I would probably resub for level squish. Not for 8.3. Yuck.
Last edited by Lei; 2020-01-17 at 09:01 PM.
Blizzard wants to release content faster. They desperately want to avoid these content droughts. They are just not capable of doing it, after many years of trying, so now they just accept it. That doesn't mean they want players to stop giving them money.
They have to release it in this year, December is dead line, it's guaranteed in pre purchase clause.
Yes, it'll come out in 2020. We know from 8.3 they're happy to release without QA, so that won't be a problem.
A lot of rumors saying Shadowlands is a ways off, even in this interview Ion says sometime this year when we get the beta going.
Expansion release months have been as early as August, with most in Oct, Nov, Dec. time. So no way Shadowlands comes out any earlier than August, but most likely the typical Oct / Nov release. Which means we have 9+ months of content drought between 8.3 and Shadows. At least it's not as bad as the insane SoO patch and WoD release, which was 14 months. But 9+ months is shit still, WoW will lose tons of subs come Summer with nothing new.
Look, it doesnt matter who the dev is, its the top guys at activision that make the call. When they say that they want an expansion done in 2020 and no delaying for tweaking, then that means that the devs hands are tied. He simply tries the best thing he can do and make an expansion thats is doable to make in that short time with low workforce and low moral in the developers. He is is listening so that he wont get fired from blizz.
The lore however IS determined by the lore devs, which is why it sucks now. Both of them never have written a book, here you can blame the lore devs. In my opinion, I would hire some expert fantasy writers and keep them forever in a dungoun to write for WoW.
How would I handle things if I was Ion?? Well in the 1e year I would do whatever what activision wanted me to do, after that I wouldnt listen to them anymore and just think how I can make the game better. Be a wall to protect the WoW team against those sharks activision and make a great game, asking employers to submit ideas etc.
Its 2 things:
1) I dont believe Blizzard has "lack of reseources"....lack of TIME, yes...lack of resources...NO (IMO)
2) I made a fail thread with a study on player retention here
https://www.mmo-champion.com/threads...n-study-of-WoW
And it says "lack of content" is not the culprit of "players churning (aka leaving) from WoW"
Quote from the study (5% of entire playerbase leave every month, no matter what)
So....maybe....i think it makes little sense for Blizzard to have more patches...because no matter what, players will leave and some players will staySecond, it also tells us that the lifespan of patch 4.3’s content was less than six months for a lot of players.

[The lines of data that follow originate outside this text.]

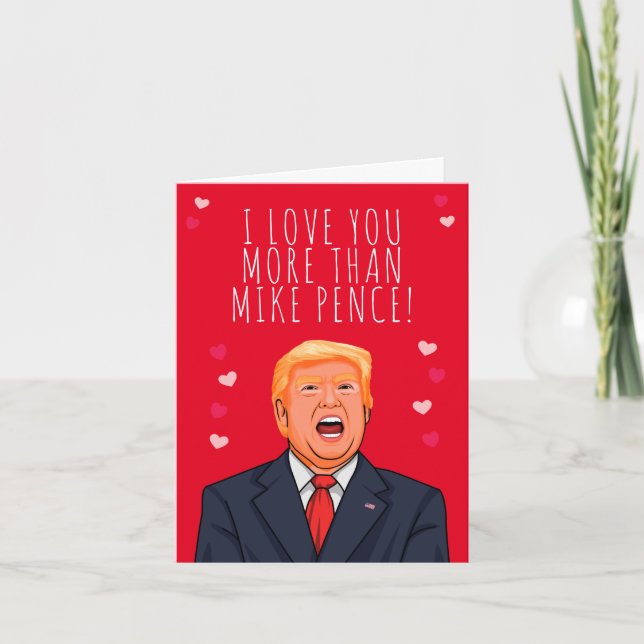 Carte Je t'aime plus que Mike Pence Saint Valentin (Devant)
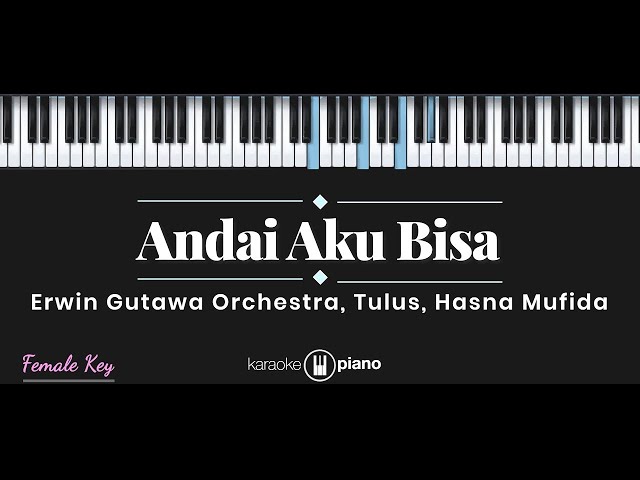 Andai Aku Bisa - Chrisye / Tulus, Erwin Gutawa Orchestra, Hasna Mufida (KARAOKE PIANO - FEMALE KEY) class=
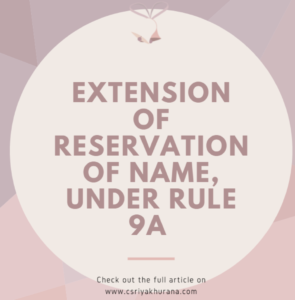 EXTENSION FOR Name RESERVATION(Name Approval) OF THE COMPANY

Around the release of patch 4.2, Blizzard’s CEO attributed churn to the lack of new content. Yet Blizzard did not release any new content for nine months after patch 4.3. In expansion 5.0, they released four patches with new content at intervals of roughly three months. Yet the number of subscribers still fell from 10 to 7.6 million between October 2012 and 2013. If lack of content is not to blame, what could be?
WoW’s lead game designer believes that players burn out because the game has trained them to complete quests as quickly as possible, rather than taking the time to explore the world [10].
We know they fired 800 people and the QA department was heavily impacted. Then 8.3 came out as the buggiest patch since.... I actually can't remember another patch this bad, off the top of my head.
We know that major content patches lead to a rush of returning players, and we know that population drops back down again. We know that expansion releases similarly lead to a huge player spike. There is a definitive positive correlation between new content and population. That said, it's fair to say that players quit the game for many reasons, and lack of content is just one of those reasons.
From the study's quote.
Blizzard CEO first blamed the "churn" (players leaving) for the lack of new patches.
And on patch 5.0 they tried patches every 3 months...and 2.5 MILLION players still left...
So the study arrived to the conclusion that "lack of content" is not to blame...or is the biggest factor.
Last edited by Big Thanks; 2020-01-17 at 09:53 PM.
What that proved was feeding content to players in small chunks gated by time was ineffective at improving retention. Large patches are a better strategy.